* [Action item] Write out the data below exactly as given, without any of its pictures.
(Recorded information begins)
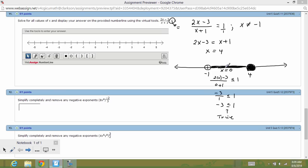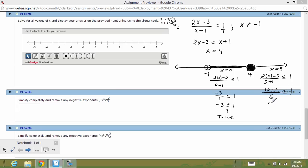Testing a number above 4, like x = 5: 2(5) minus 3 over 5 plus 1 gives 10 minus 3 over 6, which is 7 over 6. Is 7/6 less than or equal to 1? No — 7/6 is bigger than 1, so this is a false condition. Numbers bigger than 4 will not work.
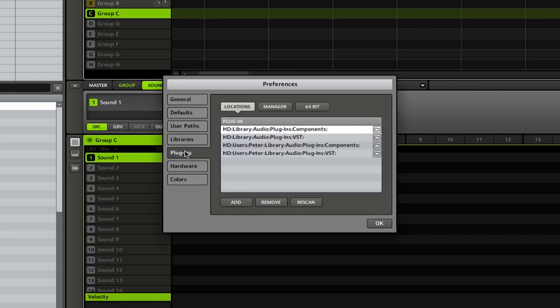From here, we're going to want to go to the Plugins tab. When you load up the program, it will look in these folders for all the different plugins that you have. If you have your plugins installed somewhere else, you can simply click the Add button on the bottom, then locate the folder that has your VSTs, select that, and then click the Rescan button, and that will look in those new folders for the different VSTs.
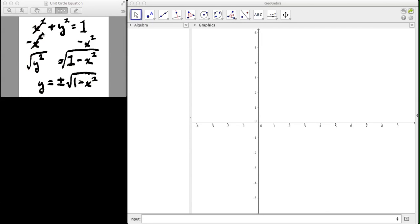Okay, so if you remember from the last video, I solved for y. We had x squared plus y squared equals 1 for our equation of the unit circle, and I wanted you to find the domain and range of this.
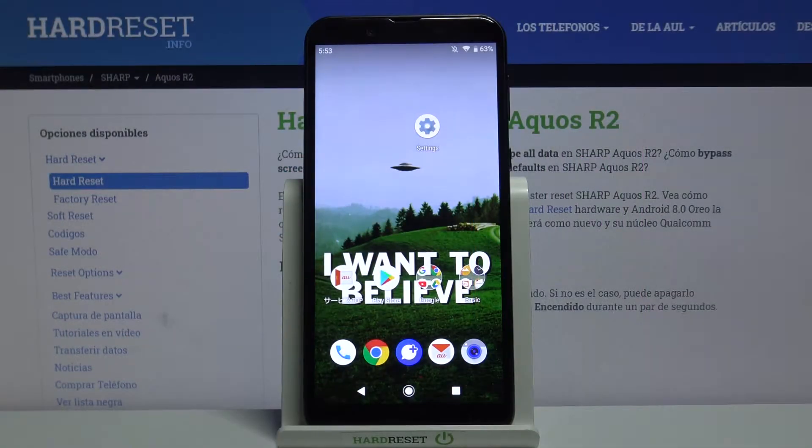Here I have the Sharp Aquos R2, and today I'm going to show you how to enable Do Not Disturb mode on this device.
(Recorded information ends)
* [Solution]
Testing a number above 4, like x = 5: 2(5) minus 3 over 5 plus 1 gives 10 minus 3 over 6, which is 7 over 6. Is 7/6 less than or equal to 1? No — 7/6 is bigger than 1, so this is a false condition. Numbers bigger than 4 will not work.
From here, we're going to want to go to the Plugins tab. When you load up the program, it will look in these folders for all the different plugins that you have. If you have your plugins installed somewhere else, you can simply click the Add button on the bottom, then locate the folder that has your VSTs, select that, and then click the Rescan button, and that will look in those new folders for the different VSTs.
Okay, so if you remember from the last video, I solved for y. We had x squared plus y squared equals 1 for our equation of the unit circle, and I wanted you to find the domain and range of this.
Here I have the Sharp Aquos R2, and today I'm going to show you how to enable Do Not Disturb mode on this device.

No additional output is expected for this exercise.